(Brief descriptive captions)
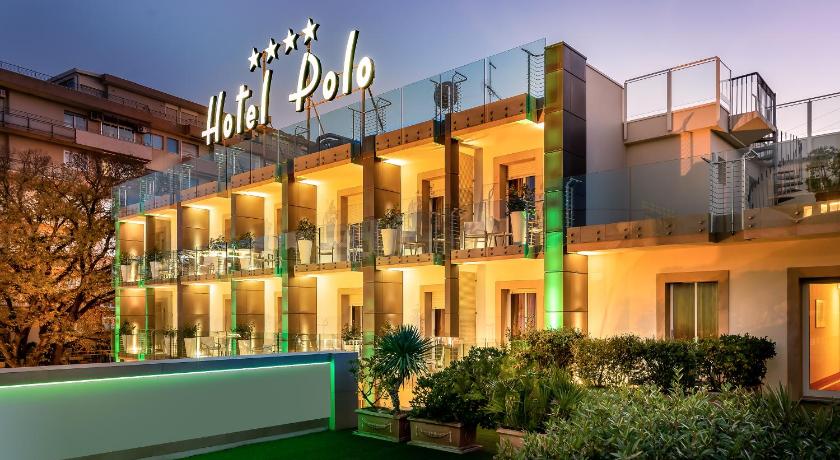 Hotel Polo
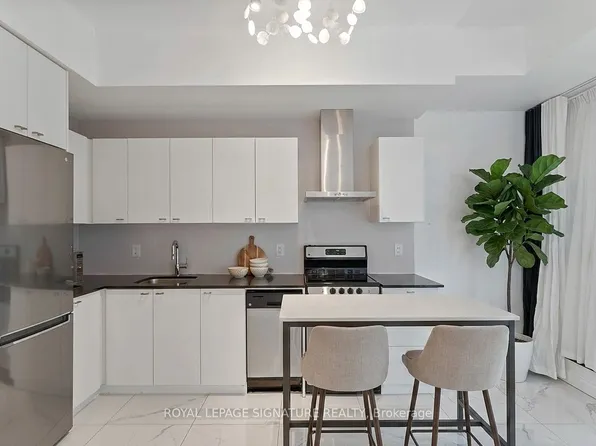 51 E Liberty St #517, Toronto, ON M6K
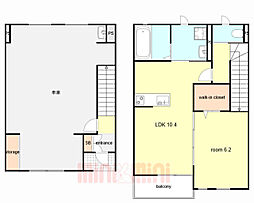 Espaｃe 西宮　Base 102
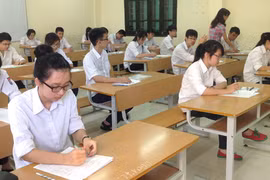 Làm rõ sai phạm tại hội đồng thi THPT Cầu Giấy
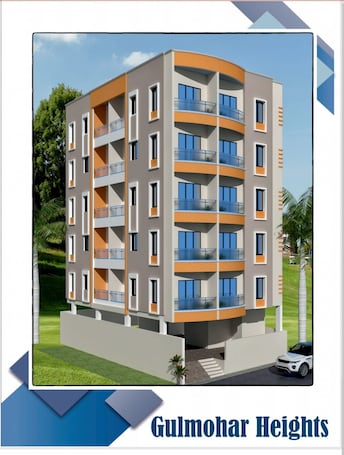 1 BHK Builder Floor For Resale in Gulmohar Hadapsar Pune  8068389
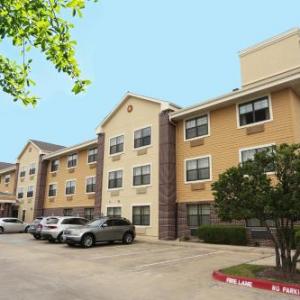 Extended Stay America Suites   Houston   Westchase   Richmond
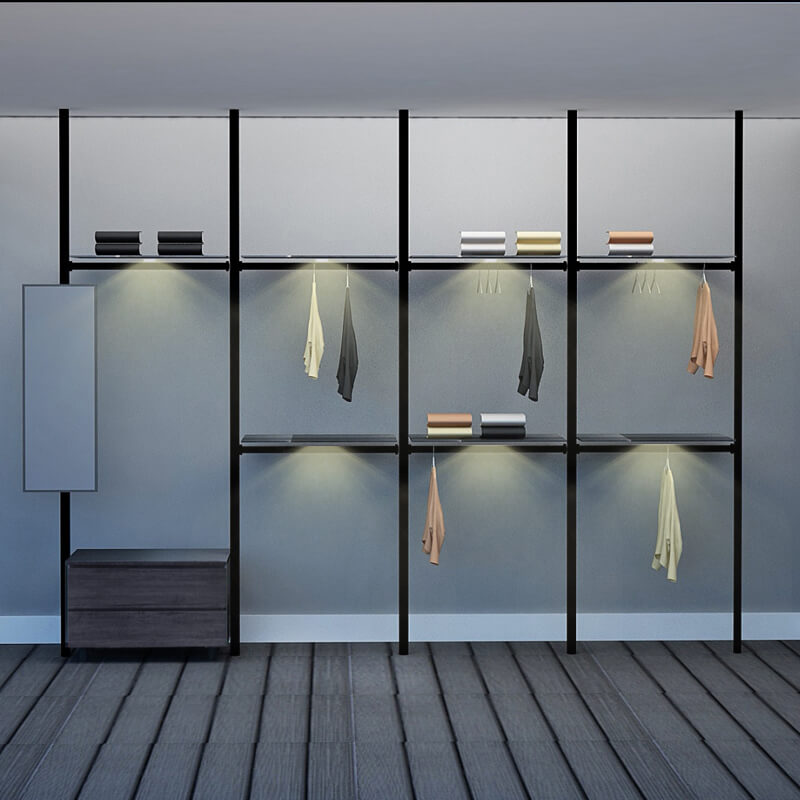 EXCEL - Korean Concept Pole System 10ft (Premium)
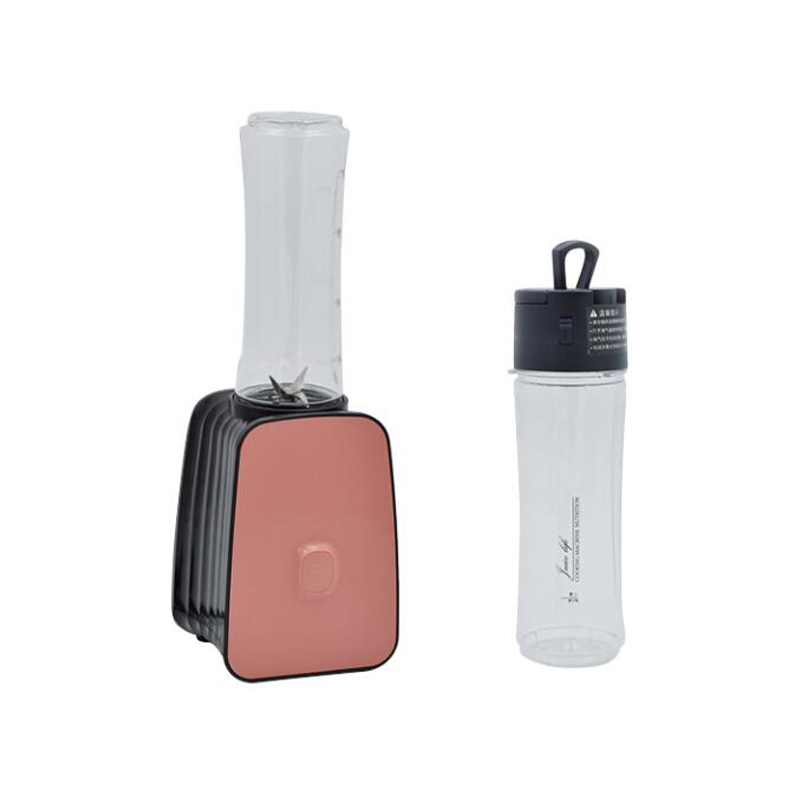 Blender With Vacuum Cup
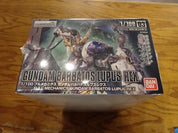 Gundam Barbatos Lupus Rex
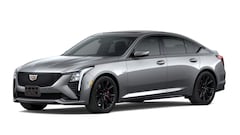 2026 CADILLAC CT5-V V-Series Sedan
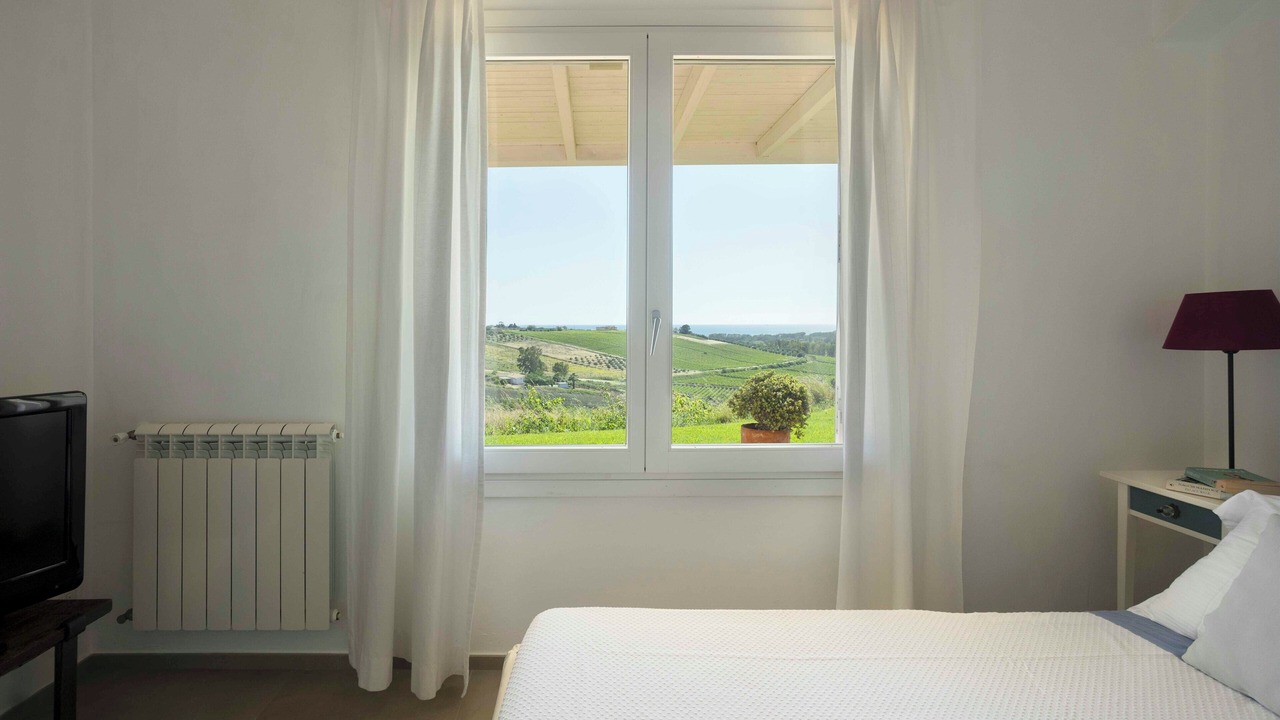 Photo of Bedroom in Marinella di Selinunte
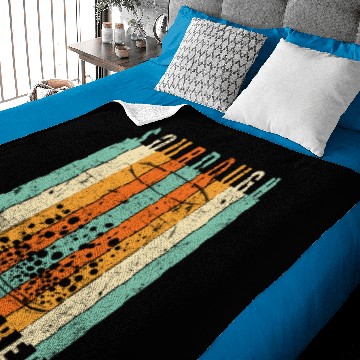 Discover Baking Baker Sourdough Bread Master Baby Blankets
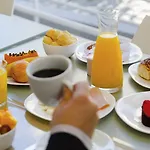 نوفوتيل سويتس ملقة سنترو 4*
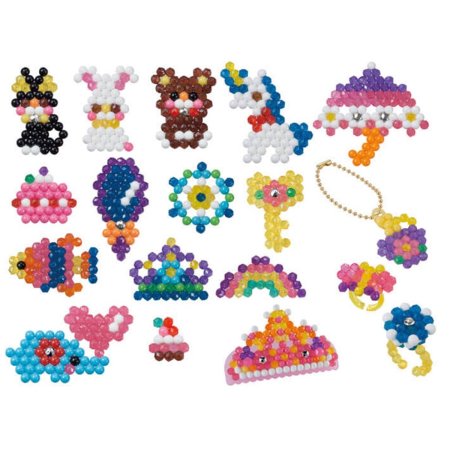 AQUABEADS Аквамозаика набор модного дизайнера (31028)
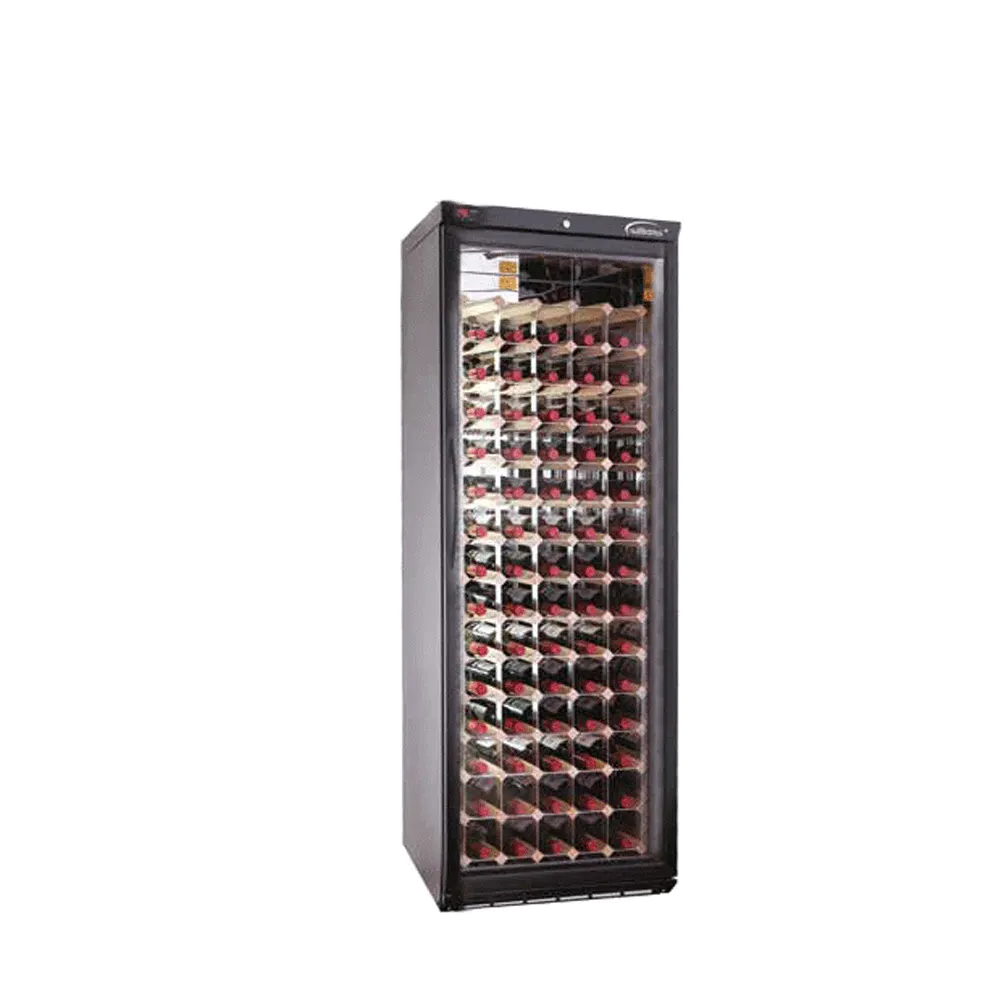 Williams Upright Wine Cabinet BC95W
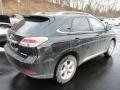2013 Obsidian Black Lexus RX 350 AWD  photo #4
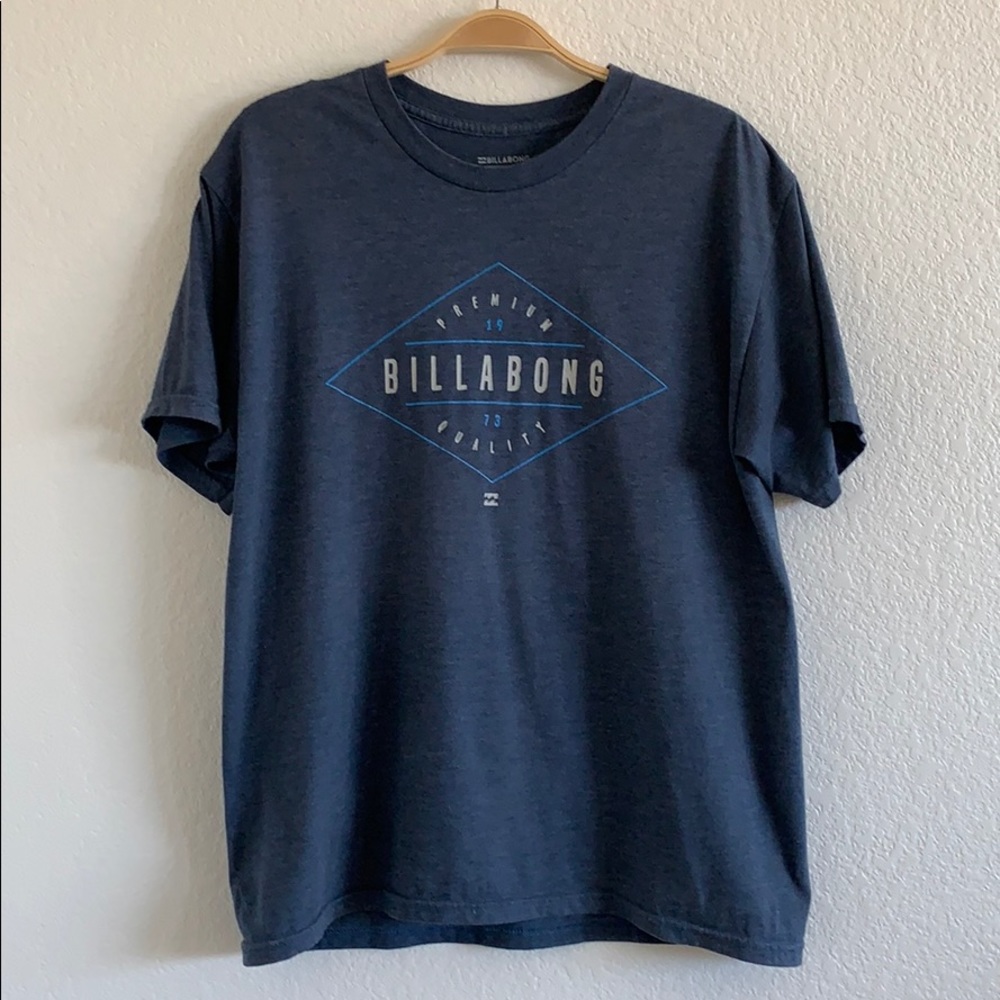 BillaBong Tee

§ What the exercise asks
Write the lines from the line containing "Blender With Vacuum Cup" through the last line of the data out again exactly, and only those lines; pictures stay out.

§ Solution to this problem
 Blender With Vacuum Cup
 Gundam Barbatos Lupus Rex
 2026 CADILLAC CT5-V V-Series Sedan
 Photo of Bedroom in Marinella di Selinunte
 Discover Baking Baker Sourdough Bread Master Baby Blankets
 نوفوتيل سويتس ملقة سنترو 4*
 AQUABEADS Аквамозаика набор модного дизайнера (31028)
 Williams Upright Wine Cabinet BC95W
2013 Obsidian Black Lexus RX 350 AWD  photo #4
 BillaBong Tee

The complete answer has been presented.